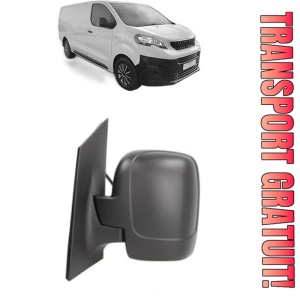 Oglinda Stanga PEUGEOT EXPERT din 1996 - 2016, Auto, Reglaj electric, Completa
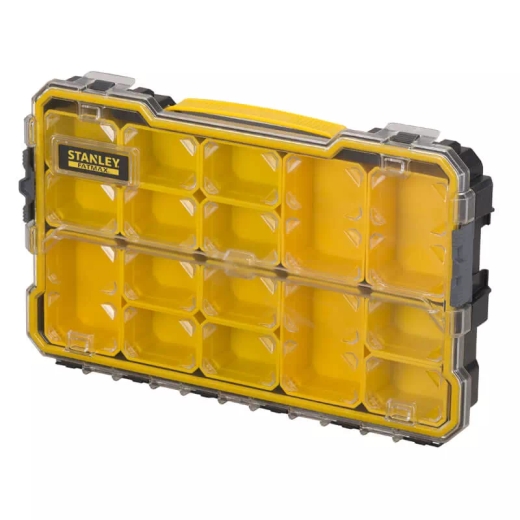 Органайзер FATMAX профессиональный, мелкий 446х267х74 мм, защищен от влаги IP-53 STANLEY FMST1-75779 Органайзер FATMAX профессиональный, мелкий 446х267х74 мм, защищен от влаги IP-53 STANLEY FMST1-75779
* * *
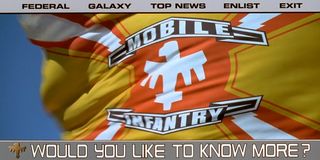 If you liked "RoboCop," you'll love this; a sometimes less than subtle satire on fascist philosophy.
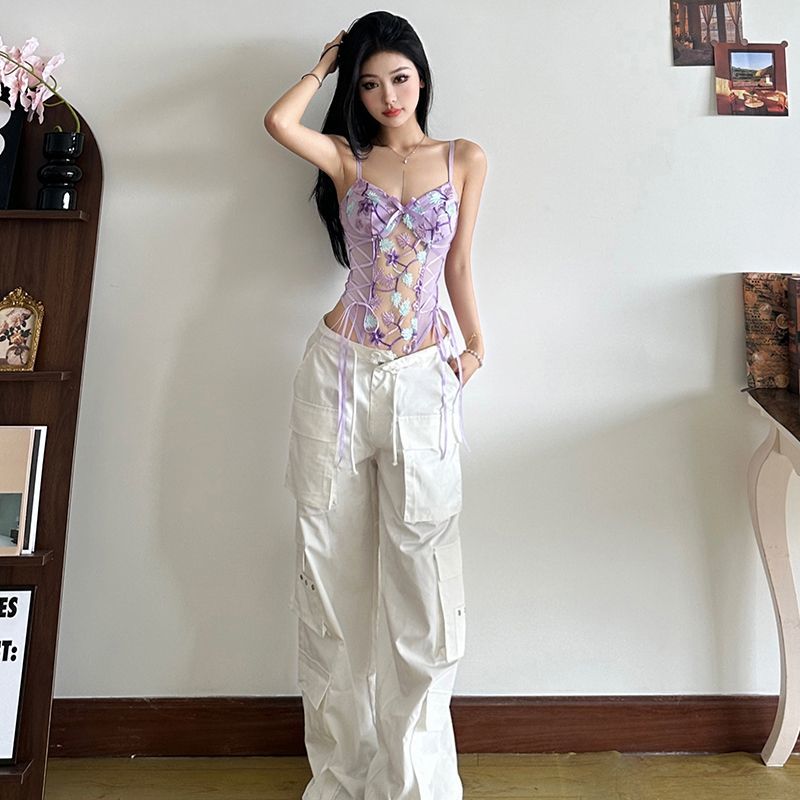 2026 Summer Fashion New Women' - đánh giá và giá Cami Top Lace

## What to produce
In the listing above, find the line containing "Oglinda Stanga PEUGEOT" and the line containing "STANLEY FMST1-75779 Органайзер"; print those lines and every line between them exactly, leaving out pictures.

## Answer to this problem
 Oglinda Stanga PEUGEOT EXPERT din 1996 - 2016, Auto, Reglaj electric, Completa
 Органайзер FATMAX профессиональный, мелкий 446х267х74 мм, защищен от влаги IP-53 STANLEY FMST1-75779 Органайзер FATMAX профессиональный, мелкий 446х267х74 мм, защищен от влаги IP-53 STANLEY FMST1-75779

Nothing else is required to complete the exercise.